Alright, totally off topic (well, mostly) but I have to have a dig at low fat food today, consequences be damned.

It really bugs the heck out of me nowadays, that I cannot seem to walk into any large corporate grocery store and find normal yogurt. I see "low fat" written on practically everything, bar two brands that I know of. I don't want low fat yogurt, I want normal, cultured, normal fat yogurt, preferably containing strawberries or peaches, which are also normal. No added color or preservative or crazy-making E numbers, just plain old normal yogurt with normal fruit in it. Where the hell has that gone?

And another thing: low fat "meals". It's bad enough that you have to eat two of the "one serving" ready meals when you're feeling lazy, but those low fat ready meals really take the biscuit don't they?

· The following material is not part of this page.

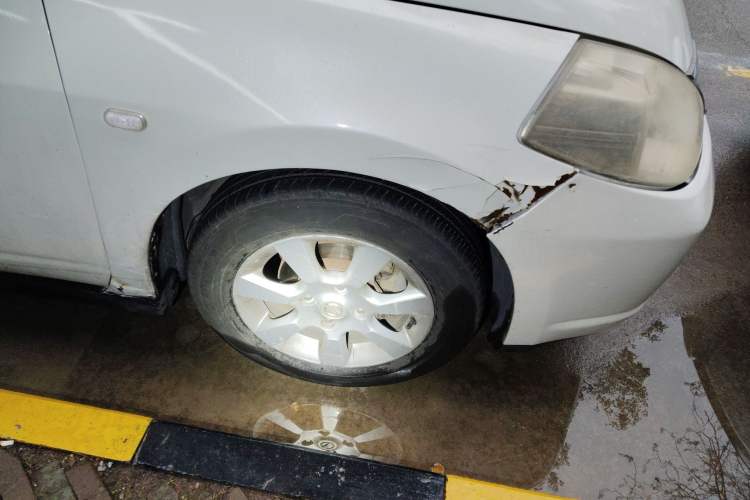 Used Nissan Tiida Sedan 2006 1.6JE AT Right Front Wheel Hub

There's not enough in one of those cartons to feed a large mouse, is there? Does anyone in the world (bar those with reduced stomachs - and I am not one of them) really get full off one of those? Plus, on top of that, they cost about $3 each and contain artificial sweeteners, colors, preservatives and whatever else. What a rip off!

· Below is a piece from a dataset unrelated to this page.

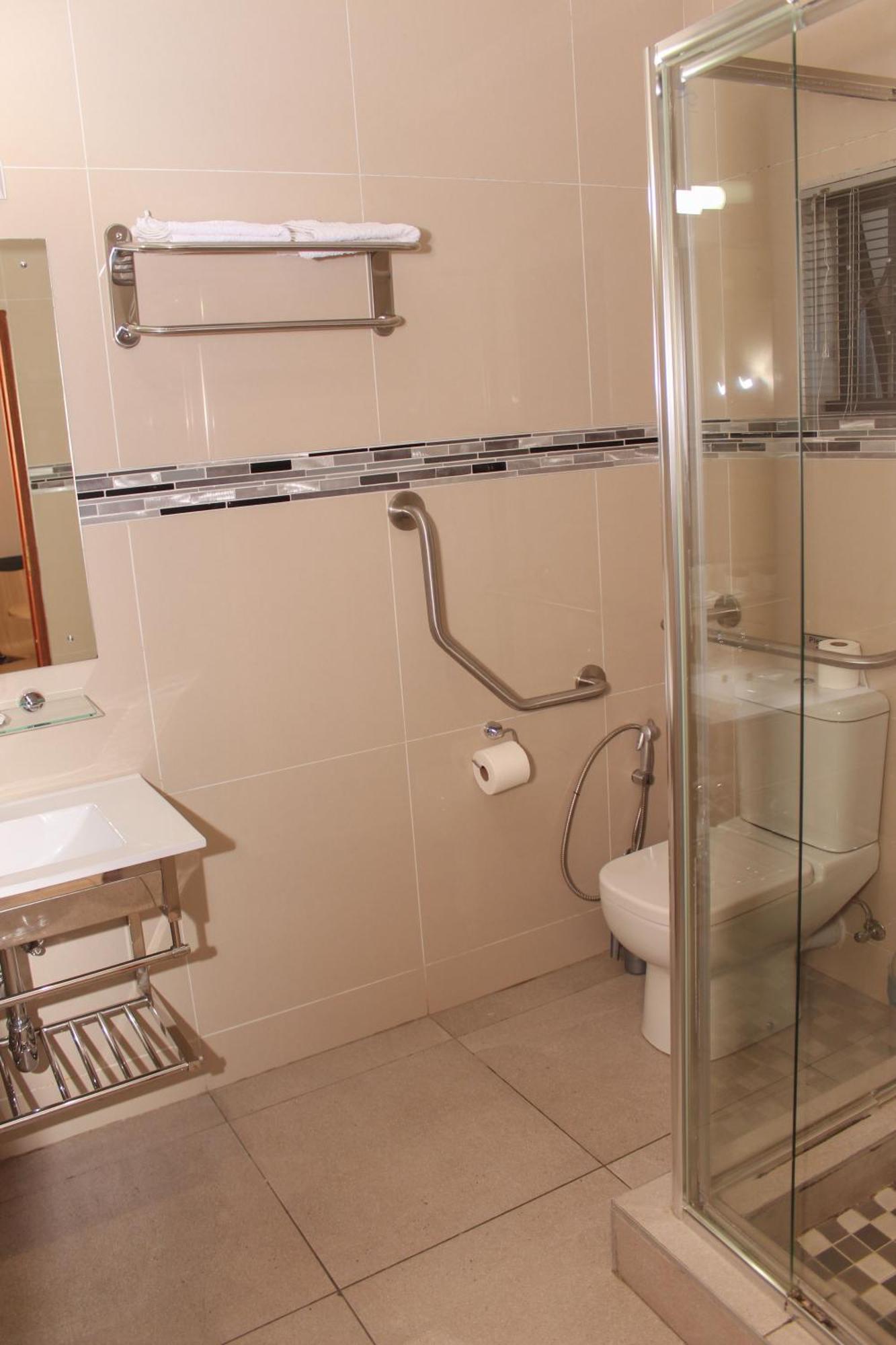 Aqua Stone Guest House Mbombela Esterno foto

Companies boast left, right and center about "low fat" this and "low fat" that. People actually drink skimmed milk nowadays and still firmly believe they are drinking milk. Does anyone actually know the fat content of full fat milk any more? It's about 5%, for those who are interested. Funnily enough, that percentage equates to a "95% fat free" product which in any other case would be labeled a health food! Yet people seem to believe that cutting down to tinted water is going to make them thinner, or healthier. I firmly do NOT believe that cutting down from whole to skim milk (without other dietary changes) will make anyone thinner, unless half their diet is milk. And unless we're talking about a nation of calves here, I doubt that can be the case.

What the hell happened to eating a balanced diet? is a balanced diet cutting out sugar and all traces of fat, starving yourself and watching the calories on everything you eat? Nope. How about this: eat more fruit and veggies as a part of your daily diet. If you're full, stop eating. If you're eating a full Olive Garden style mean every two hours, perhaps it would be wise to cut down, no?

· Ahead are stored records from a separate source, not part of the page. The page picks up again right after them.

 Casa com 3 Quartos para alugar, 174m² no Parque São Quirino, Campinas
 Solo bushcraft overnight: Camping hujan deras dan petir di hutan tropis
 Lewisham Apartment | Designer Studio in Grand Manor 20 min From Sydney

How can it be that eating a tiny sandwich with hydrogenated vegetable oil as a spread and low fat ranch loaded with artificial stuff to make it taste real can be a better option than wholewheat bread, with a nice slab of turkey, normal butter and mayo, and some greens, plus a nice bowl of peaches and cream as afters, all washed down with a lovely hot cup of tea? Apparently the caffeine isn't good, the fat isn't good, the meat is too much, the BREAD has too many calories in it and mayo has now become the Devil's little friend.

Come on people - there's no need to eat enough for six, sure, but you do realize we NEED CALORIES to LIVE, don't you? Yes, that's right, eating 800 calories a day is not a good choice as a normal diet - you need about 2000 on a normal day just to get done what needs doing. Dear God, get up, walk the dog, play with your friends and encourage your kids to do the same and for cripes sakes, eat a normal, balanced diet free of artificial crap while you're doing it.

Personally I will take the mayo, the butter, the slab of turkey, the nice CALORIE laden wholewheat bread and the caffeinated cup of Earl Grey and burn it off doing fun things. At least when I die (eventually) my body won't sit there, preserved from all the artificial preservatives I've been eating for 70 or 80 years. I don't want anyone digging me up in 2000 years and saying "Wow, did they embalm her well!".

Nix the silly, expensive, low fat fake foods and stick with the real stuff in moderation. That's all I have to say about that (a la Forrest Gump). Okay, rant over.